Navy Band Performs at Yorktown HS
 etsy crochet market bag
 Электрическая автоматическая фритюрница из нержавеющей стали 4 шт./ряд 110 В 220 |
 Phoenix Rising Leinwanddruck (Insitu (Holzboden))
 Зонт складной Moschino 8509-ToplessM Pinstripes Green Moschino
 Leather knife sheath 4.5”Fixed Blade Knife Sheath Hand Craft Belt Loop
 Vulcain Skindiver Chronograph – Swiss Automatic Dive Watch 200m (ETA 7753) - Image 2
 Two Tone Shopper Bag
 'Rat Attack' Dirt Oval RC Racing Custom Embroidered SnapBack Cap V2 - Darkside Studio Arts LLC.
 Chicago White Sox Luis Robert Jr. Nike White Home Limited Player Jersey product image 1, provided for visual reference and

- [HOW TO COMPLETE THIS TASK] Write out, word for word, the lines from the one containing "Studio Arts LLC." through the end of the records, with no other lines.

- [OUTPUT OF THE EXERCISE]
 'Rat Attack' Dirt Oval RC Racing Custom Embroidered SnapBack Cap V2 - Darkside Studio Arts LLC.
 Chicago White Sox Luis Robert Jr. Nike White Home Limited Player Jersey product image 1, provided for visual reference and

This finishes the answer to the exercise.